On February 25, 2019, peace talks began between the Taliban and the United States in Qatar, with Taliban co-founder Abdul Ghani Baradar notably present.[53] US special envoy Zalmay Khalilzad reported that this round of negotiations was "more productive than they have been in the past" and that a draft version of a peace agreement had been agreed upon. The deal involved the withdrawal of US and international troops from Afghanistan and the Taliban not allowing other jihadist groups to operate within the country.[53] The Taliban also reported that progress was being made in the negotiations.[53]

Pakistan plays a central role[55] in an attempt to end the war.[53]

At the same time, the Afghan government hosted a four-day loya jirga for peace efforts from April 29 to May 3, 2019. The Taliban was also invited but did not attend.[56] Later in May, a Taliban delegation met a group of senior Afghan politicians in Moscow, the third time such event happened in the Russian capital.[57]

On 12 August 2019, the US and the Taliban completed an eighth round of talks in Qatar.[58] The Washington Post reported that the US was close to reaching a peace deal with the Taliban and was preparing to withdraw 5,000 troops from Afghanistan.[59] In September, President Donald Trump's special envoy for Afghanistan states that an agreement has been reached by the US and the Taliban, and the final approval is pending by the President.[60] However, President Donald Trump stated that he canceled peace talks with Afghanistan's Taliban leaders after an attack in Kabul that killed an American soldier and 11 people.[61] In September 2019, The taliban sent a delegation to Russia to discuss prospects for a withdrawal of U.S. troops from Afghanistan after the collapse of talks with the United States.[62] On September 18, 2019, the Taliban stated that their "doors are open" should US President Donald Trump want to resume peace talks in the future.[63]


One of the core issues of a potential peace agreement is the freedom of speech, education and women's rights that is practised in Afghanistan under its constitution. Under the Taliban's rule, such rights were opposed.
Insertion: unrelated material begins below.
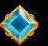 Symbol Modrý diamant na automatu Gates of Olympus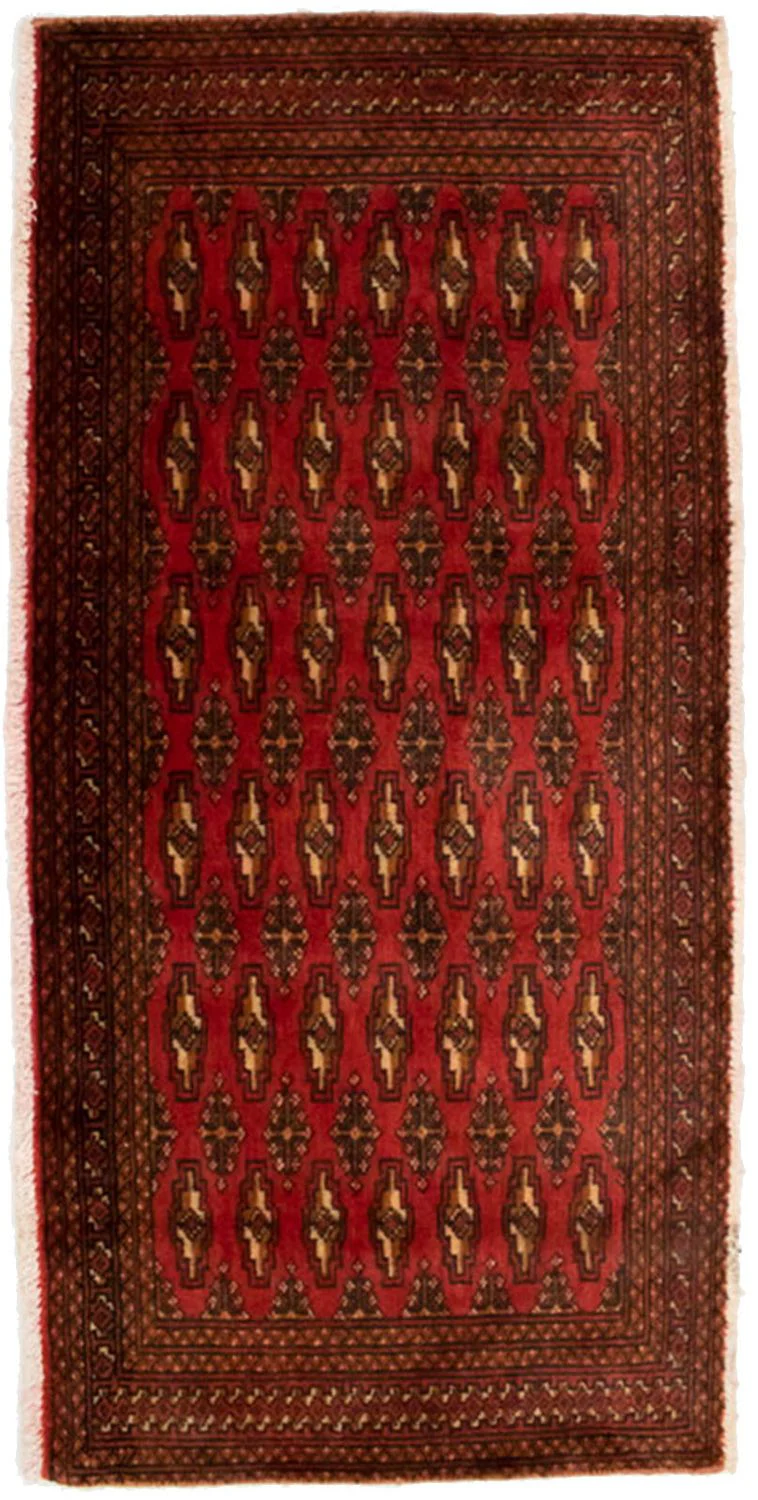 Turkaman Teppich 130x60cm - Orientteppich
Khalilzad, as well as President Ghani, CEO Abdullah Abdullah and other senior Afghan officials, have called protecting these rights as being highly important[54][64][65] and that they should not be sacrificed in a peace agreement.[66] The First Lady, Rula Ghani, has been a significant voice in protecting women's rights.[67]

Despite continuous talks, the Taliban have continued to fight on the battlefield and launch terror attacks in the capital city. They have also threatened the 2019 Afghan presidential election, which is scheduled for September 28.[68]

The US ambassador to Afghanistan warned that a peace agreement could risk the Taliban back into power in a similar event as after the 1973 Paris Peace Accords, when the South Vietnamese government that was supported by the US were defeated in the Fall of Saigon.[69][70]